Lightning strike and technical fault caused UK blackouts

According to reports, the UK’s recent power outage was caused by a lightning strike and the almost simultaneous shut down of a wind farm.

The blackout that affected more than one million people resulted from lightning striking close to Little Barford gas fired power plant in Bedfordshire, England, which triggered a shut down shortly before 5pm last Friday.

A short while later, a shutdown occurred at the Hornsea One wind farm off the coast of Yorkshire. This result was a 5 per cent drop in power across the national grid. This in turn triggered power to trip at several other smaller plants, a built-in safety feature designed to protect the larger grid should the frequency drop below 50hz.
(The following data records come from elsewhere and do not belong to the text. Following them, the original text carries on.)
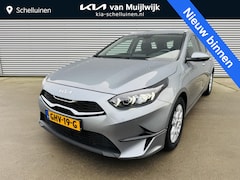 Kia Cee'd Sportswagon - Ceed 1.5 T-GDi DynamicLine Trekhaak Afneembaar | 1210kg trekgewicht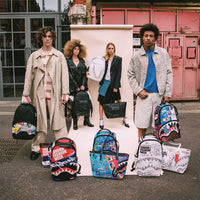 LFW INSPO SHARK DLXSV BACKPACK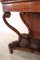 Antique Carved Walnut Console Table, 1820s 7
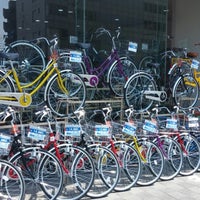 大森 自転車 あさひ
Orsted, the owner of Hornsea wind farm stated: “During a rare and unusual set of circumstances affecting the grid, Hornsea One experienced a technical fault which meant the power station rapidly de-loaded – that is it stopped producing electricity. 

“Normally the grid would be able to cope with a loss of this volume (0.8 GW). If National Grid had any concerns about the operation of Hornsea One we would not be allowed to generate. The relevant part of the system has been reconfigured and we are fully confident should this extremely rare situation arise again, Hornsea One would respond as required.” 
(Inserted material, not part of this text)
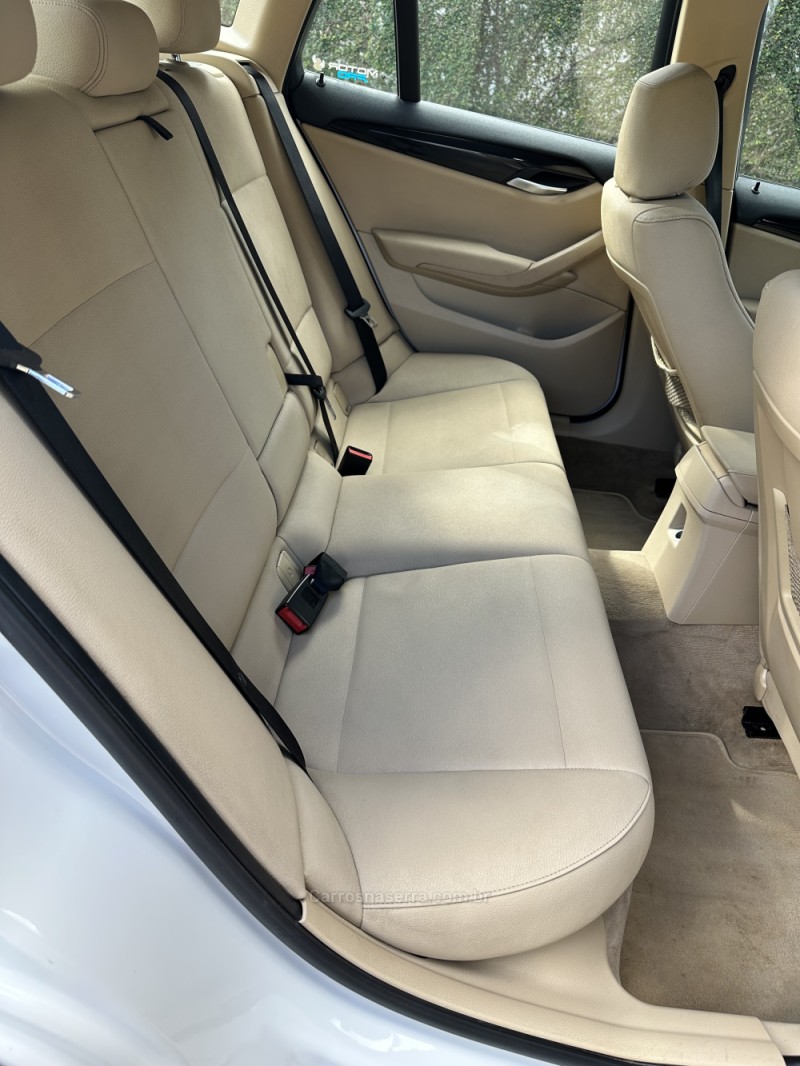 X1 2.0 18I 4X2 16V GASOLINA 4P AUTOMÁTICO - 2013 - CAXIAS DO SUL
Power supplies were restored by 5.40pm but rail services suffered disruption for almost 24 hours. 

Duncan Burt of National Grid said: “What happened then is our normal automatic response mechanisms came in to help manage the event, but the loss of power was so significant that it fell back to a set of secondary back-up systems which resulted in a proportion of electrical demand across the country being disconnected for a short period to help keep the rest of the system safe.
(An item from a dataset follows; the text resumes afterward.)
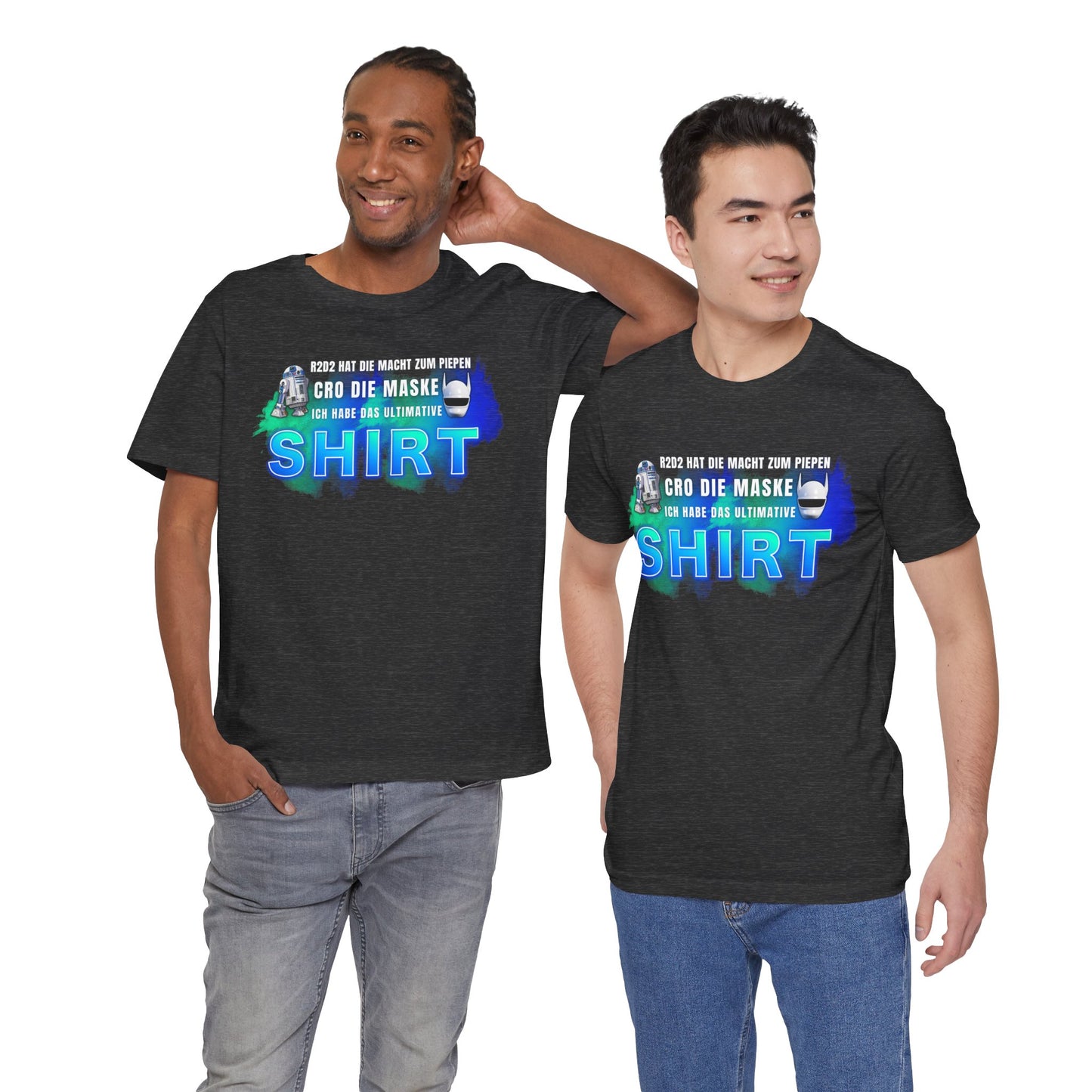 R2D2 Starwars Cro Shirt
“That sequence of events is entirely automatic, we think that worked well, we think the safety protection systems across the industry on generators and on the network work well to secure and keep the grid safe”.

A National Grid ESO spokesperson said: “Contrary to media reports there have been no near misses nor early warning signs of incidents similar to last Friday’s power cuts. This was a highly unusual event, without precedent in the past ten years. We work with Ofgem to set the agreed limits of frequency of electricity output to keep the whole system safe and the lights on.

“All the time until Friday’s events, the system has remained within safe limits. We are conducting a thorough internal investigation and will report our interim findings in detail to Ofgem by the end of this week. We can and must learn lessons from Friday’s events – however rare their occurrence – as National Grid and as an energy industry.”

Ofgem will submit a final, detailed technical report by Friday 6 September.